Now the same car has at the Detroit Auto Show. Another cog in the socialist-scientist plot reveals itself.
Life Not In Ohio
University of Michigan Athletic Director David Brandon has been flying around the country looking to hire a new football coach while crazed fans (not me, of course -- ha ha!) seize on every scrap of information, including tracking his private plane. For his return trip to Ann Arbor last night, look at what state his plane went out of its way to avoid:
Smart man. You never went to be in, or even above, Ohio, if you can possibly avoid it.
January 10, 2011
Constitutionalism For Me, Not For Thee
Rick Hertzberg quotes Alexander Hamilton arguing against a supermajority requirement:
What he was attacking was the premise that would one day underlie the McConnell-era filibuster—the notion that a legislature should routinely require supermajority approval for any action to be taken. For one thing,
To give a minority a negative upon the majority (which is always the case where more than a majority is requisite to a decision), is, in its tendency, to subject the sense of the greater number to that of the lesser.
That’s bad enough in itself, but it becomes positively dangerous in times of serious trouble:
In those emergencies of a nation, in which the goodness or badness, the weakness or strength of its government, is of the greatest importance, there is commonly a necessity for action. The public business must, in some way or other, go forward. If a pertinacious minority can control the opinion of a majority, respecting the best mode of conducting it, the majority, in order that something may be done, must conform to the views of the minority; and thus the sense of the smaller number will overrule that of the greater, and give a tone to the national proceedings. Hence, tedious delays; continual negotiation and intrigue; contemptible compromises of the public good. And yet, in such a system, it is even happy when such compromises can take place: for upon some occasions things will not admit of accommodation; and then the measures of government must be injuriously suspended, or fatally defeated. It is often, by the impracticability of obtaining the concurrence of the necessary number of votes, kept in a state of inaction. Its situation must always savor of weakness, sometimes border upon anarchy.
It's clear that the Constitution specified a few key areas where a supermajority would be required -- treaties, overriding vetoes, and Constitutional amendments -- with the obvious understanding that other votes would be conducted by majority rules. The filibuster simply evolved due to the imprecision of Senate rules.

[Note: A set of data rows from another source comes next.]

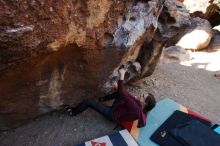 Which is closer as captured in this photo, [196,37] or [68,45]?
[68,45]

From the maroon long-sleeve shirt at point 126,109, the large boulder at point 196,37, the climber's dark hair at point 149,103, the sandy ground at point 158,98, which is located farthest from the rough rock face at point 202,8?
the maroon long-sleeve shirt at point 126,109

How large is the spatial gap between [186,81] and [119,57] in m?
2.66

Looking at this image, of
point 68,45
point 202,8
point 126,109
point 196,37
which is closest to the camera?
point 68,45

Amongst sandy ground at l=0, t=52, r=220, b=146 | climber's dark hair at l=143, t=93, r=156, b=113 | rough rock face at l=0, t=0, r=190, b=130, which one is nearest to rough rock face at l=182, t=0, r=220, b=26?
sandy ground at l=0, t=52, r=220, b=146

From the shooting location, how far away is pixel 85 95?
4410mm

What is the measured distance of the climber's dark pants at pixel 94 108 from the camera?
4.29m

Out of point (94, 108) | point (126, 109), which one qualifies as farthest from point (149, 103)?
point (94, 108)

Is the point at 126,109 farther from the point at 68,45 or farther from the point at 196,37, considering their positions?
the point at 196,37

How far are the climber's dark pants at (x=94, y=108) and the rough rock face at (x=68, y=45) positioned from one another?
0.43 feet

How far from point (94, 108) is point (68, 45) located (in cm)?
124

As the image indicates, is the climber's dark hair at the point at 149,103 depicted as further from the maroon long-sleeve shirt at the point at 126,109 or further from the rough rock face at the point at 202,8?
the rough rock face at the point at 202,8

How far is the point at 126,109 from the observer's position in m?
4.13

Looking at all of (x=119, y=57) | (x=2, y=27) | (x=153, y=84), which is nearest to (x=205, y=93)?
(x=153, y=84)

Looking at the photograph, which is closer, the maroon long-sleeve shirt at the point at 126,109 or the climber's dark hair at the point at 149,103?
the maroon long-sleeve shirt at the point at 126,109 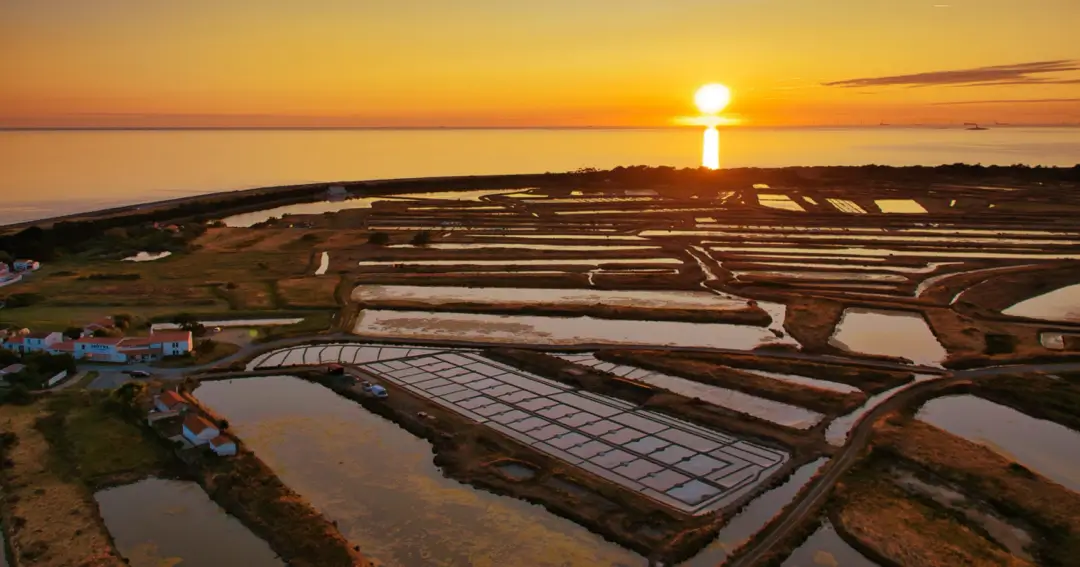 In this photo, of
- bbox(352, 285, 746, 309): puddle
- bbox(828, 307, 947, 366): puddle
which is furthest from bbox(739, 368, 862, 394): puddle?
bbox(352, 285, 746, 309): puddle

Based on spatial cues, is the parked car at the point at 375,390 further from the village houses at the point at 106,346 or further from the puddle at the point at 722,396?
the village houses at the point at 106,346

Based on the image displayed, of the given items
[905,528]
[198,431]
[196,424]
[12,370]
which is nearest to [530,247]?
[12,370]

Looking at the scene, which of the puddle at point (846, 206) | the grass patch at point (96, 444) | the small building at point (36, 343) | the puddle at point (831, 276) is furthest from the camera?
the puddle at point (846, 206)

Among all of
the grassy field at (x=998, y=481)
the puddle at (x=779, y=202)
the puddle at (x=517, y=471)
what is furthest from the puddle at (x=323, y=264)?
the puddle at (x=779, y=202)

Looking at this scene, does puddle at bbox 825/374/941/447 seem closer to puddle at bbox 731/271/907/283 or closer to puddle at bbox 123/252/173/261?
puddle at bbox 731/271/907/283

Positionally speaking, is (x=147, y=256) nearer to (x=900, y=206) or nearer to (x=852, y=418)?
(x=852, y=418)

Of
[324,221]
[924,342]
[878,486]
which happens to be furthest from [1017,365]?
[324,221]

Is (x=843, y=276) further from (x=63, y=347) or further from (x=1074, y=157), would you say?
(x=1074, y=157) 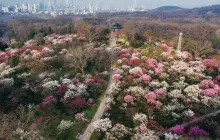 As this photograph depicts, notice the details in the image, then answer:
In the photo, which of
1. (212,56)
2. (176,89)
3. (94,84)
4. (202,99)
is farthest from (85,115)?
(212,56)

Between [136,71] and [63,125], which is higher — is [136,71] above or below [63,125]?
above

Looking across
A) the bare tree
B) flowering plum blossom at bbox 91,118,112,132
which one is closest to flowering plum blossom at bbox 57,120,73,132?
flowering plum blossom at bbox 91,118,112,132

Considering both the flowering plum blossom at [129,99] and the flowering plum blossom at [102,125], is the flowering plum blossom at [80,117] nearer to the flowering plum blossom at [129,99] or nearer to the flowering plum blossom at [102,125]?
the flowering plum blossom at [102,125]

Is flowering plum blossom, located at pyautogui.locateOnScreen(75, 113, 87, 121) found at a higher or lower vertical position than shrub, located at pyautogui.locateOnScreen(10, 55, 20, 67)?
lower

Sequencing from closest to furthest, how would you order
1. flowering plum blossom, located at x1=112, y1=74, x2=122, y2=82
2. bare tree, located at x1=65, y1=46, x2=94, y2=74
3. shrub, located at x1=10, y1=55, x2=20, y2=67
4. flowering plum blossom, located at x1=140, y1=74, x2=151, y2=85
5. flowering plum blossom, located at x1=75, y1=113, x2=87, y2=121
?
flowering plum blossom, located at x1=75, y1=113, x2=87, y2=121
flowering plum blossom, located at x1=140, y1=74, x2=151, y2=85
flowering plum blossom, located at x1=112, y1=74, x2=122, y2=82
bare tree, located at x1=65, y1=46, x2=94, y2=74
shrub, located at x1=10, y1=55, x2=20, y2=67

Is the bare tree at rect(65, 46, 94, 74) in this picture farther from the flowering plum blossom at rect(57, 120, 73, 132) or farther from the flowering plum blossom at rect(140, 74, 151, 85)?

It's interesting, given the right's newfound interest in hewing to the spirit of the Constitution. There are two key ways in which parts of the government have usurped power in clear violation of the intent of the Constitution. One is the filibuster. Another is the enormous war-making power of the president, who the Constitution clearly intended to constrain from initiating conflict without congressional approval. Somehow conservatives show no interest in restoring constitutionalism in either area.
Justice Delayed
Three years in prison for Tom DeLay.
I bet he comes out of this advocating prison reform. It's a cause that badly needs more high-profile conservative advocates.
Again, Right Wing Extremism Is A Problem, But It Isn't This Problem
Good point by Brendan Nyhan:
People have been having a hard time holding two ideas in their head at the same time:
1. What Paul Krugman calls "eliminationist rhetoric" is bad.
2. Contrary to his suggestion, there is no evidence that such rhetoric caused Saturday's events. Even if such evidence is later found, it would not justify the evidence-free claims that have been made in the last 48 hours.
I wrote, "I don't believe that analogizing politics to combat encourages anybody, even the mentally ill, to take up violence. People use metaphors like this in all aspects of daily life -- sports, business, dating, and on and on." Rich Lowry pulls out a recent example:
Guns do kill people. But gun metaphors don't.